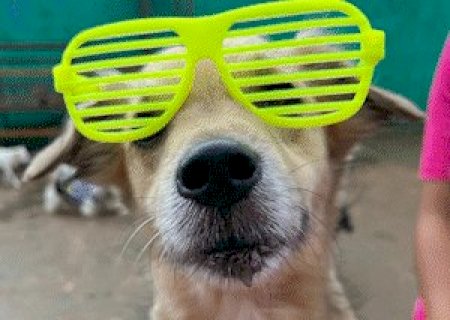 Cachorrada ''foge" de gritaria em bloco e pula Carnaval do jeito certo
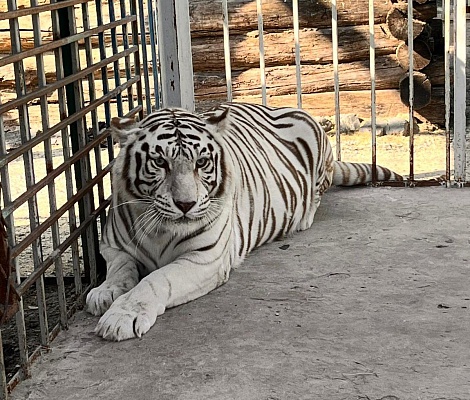 В честь Международного дня тигра сотрудники Центрально-Черноземного управления Росприроднадзора навестили тигров в Старооскольском зоопарке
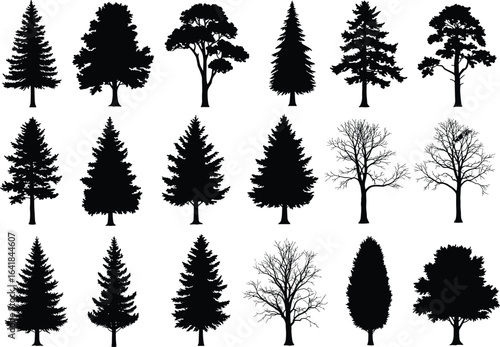 Tree silhouette, forest illustration, pine tree, seasonal trees, botanical vector, deciduous plant, nature clipart, leafless silhouette, conifer shapes, tree outline, woodland elements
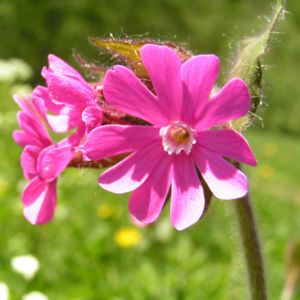 Rote Lichtnelke Bluete rosa Silene dioica 11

########################################

* **Task statement**: The range to set down runs from the line containing "В честь Международного" through the final line of the data, both ends included; give it exactly and drop the pictures.

* **Written answer**:
 В честь Международного дня тигра сотрудники Центрально-Черноземного управления Росприроднадзора навестили тигров в Старооскольском зоопарке
 Tree silhouette, forest illustration, pine tree, seasonal trees, botanical vector, deciduous plant, nature clipart, leafless silhouette, conifer shapes, tree outline, woodland elements
 Rote Lichtnelke Bluete rosa Silene dioica 11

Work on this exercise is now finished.